WORK TO BE COMPLETED> Set down all of the entries word for word, omitting the images they contain.

RECORDS PROVIDED>
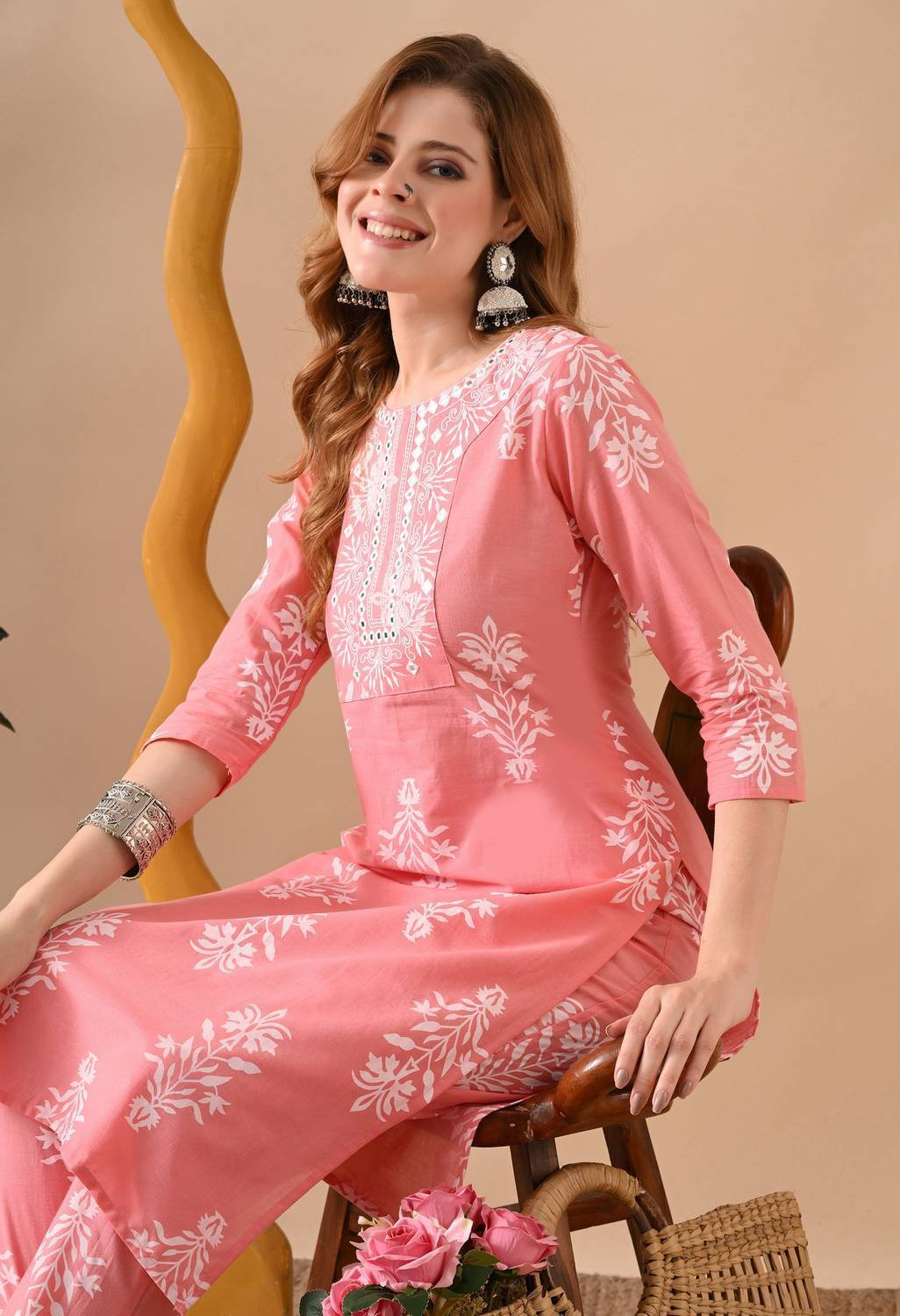 Image of FABUNNA COTTON Women Kurta Pant Set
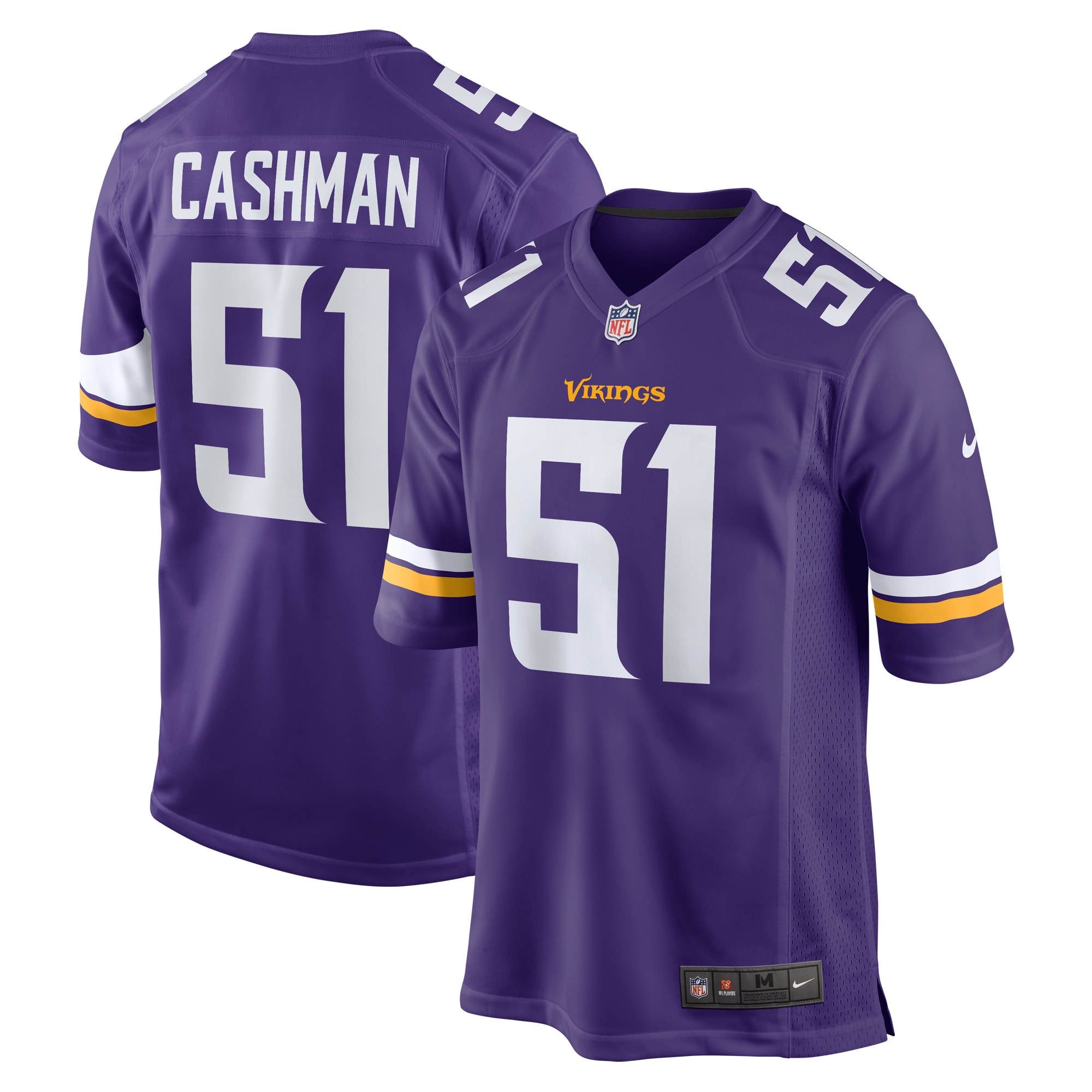 Minnesota Vikings Blake Cashman Purple Team Game NFL Jersey Men's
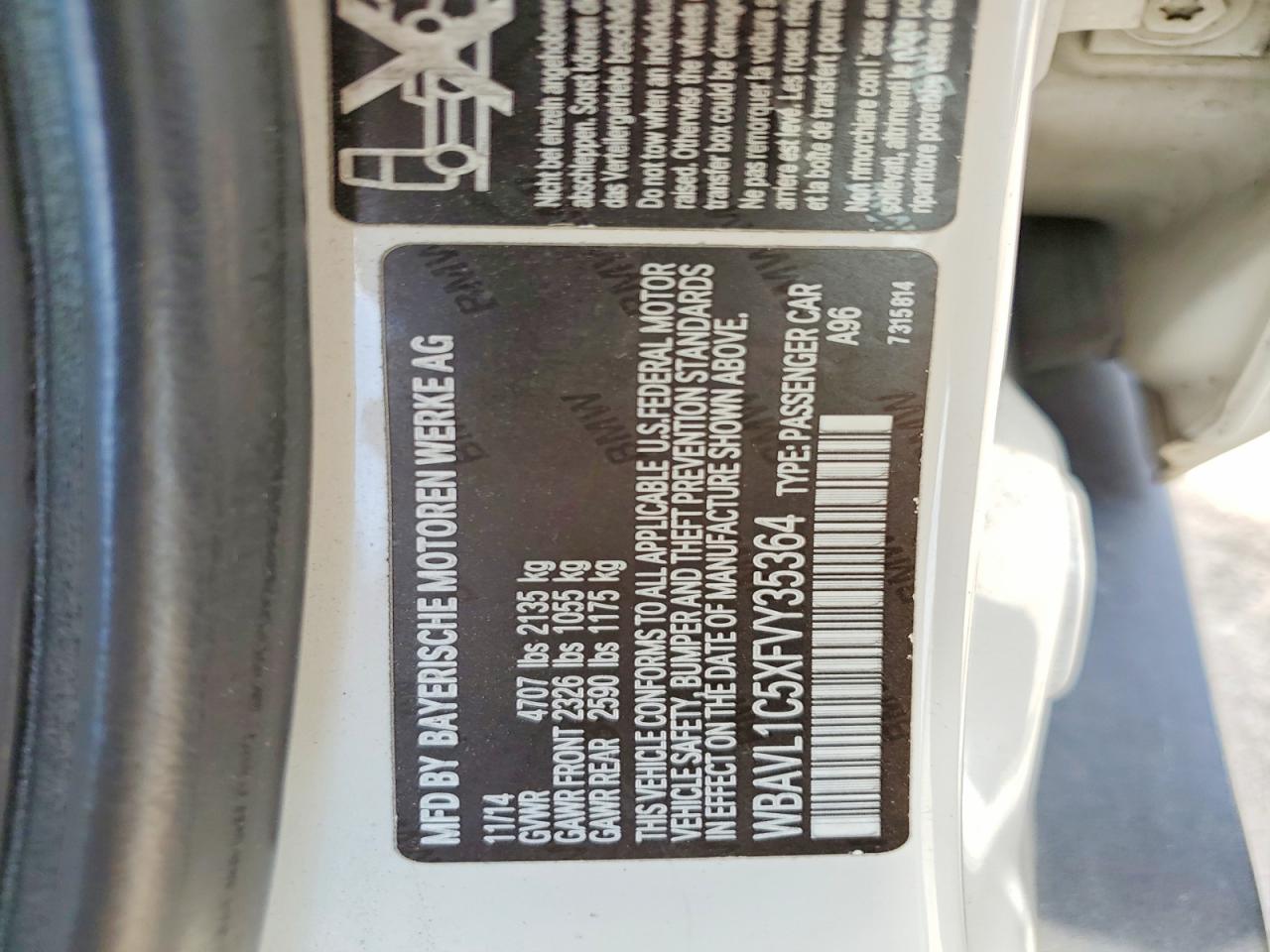 2015 Bmw X1 Xdrive28i White vin: WBAVL1C5XFVY35364
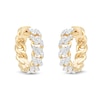 Thumbnail Image 0 of ​​​​​​​1/20 CT. T.W. Diamond Cuban Chain Huggie Hoop Earrings in Sterling Silver with 14K Gold Plate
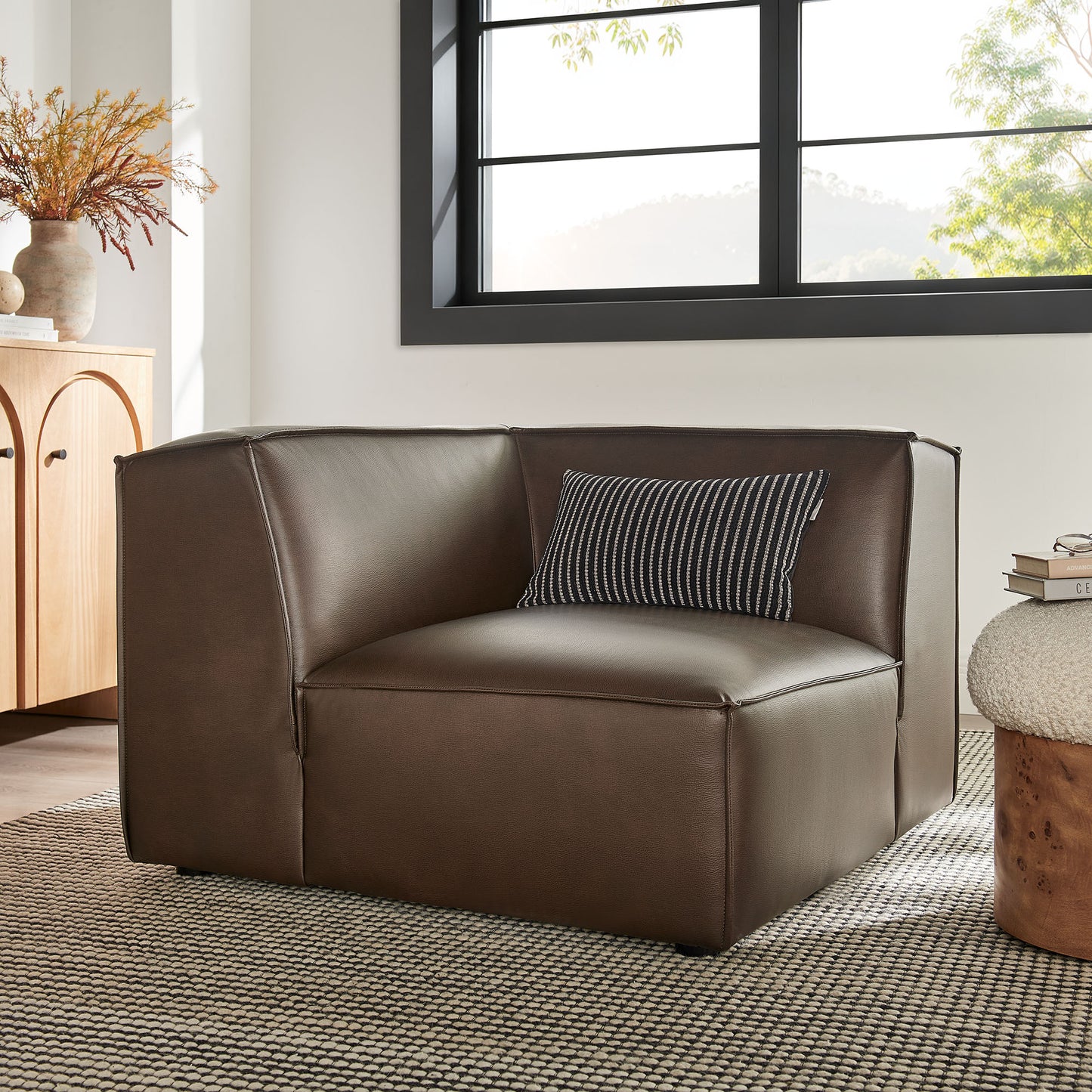Restore Vegan Leather Modular Corner Chair by Modway EEI-7394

ANSWER>
 Image of FABUNNA COTTON Women Kurta Pant Set
 Minnesota Vikings Blake Cashman Purple Team Game NFL Jersey Men's
 2015 Bmw X1 Xdrive28i White vin: WBAVL1C5XFVY35364
 Thumbnail Image 0 of ​​​​​​​1/20 CT. T.W. Diamond Cuban Chain Huggie Hoop Earrings in Sterling Silver with 14K Gold Plate
Restore Vegan Leather Modular Corner Chair by Modway EEI-7394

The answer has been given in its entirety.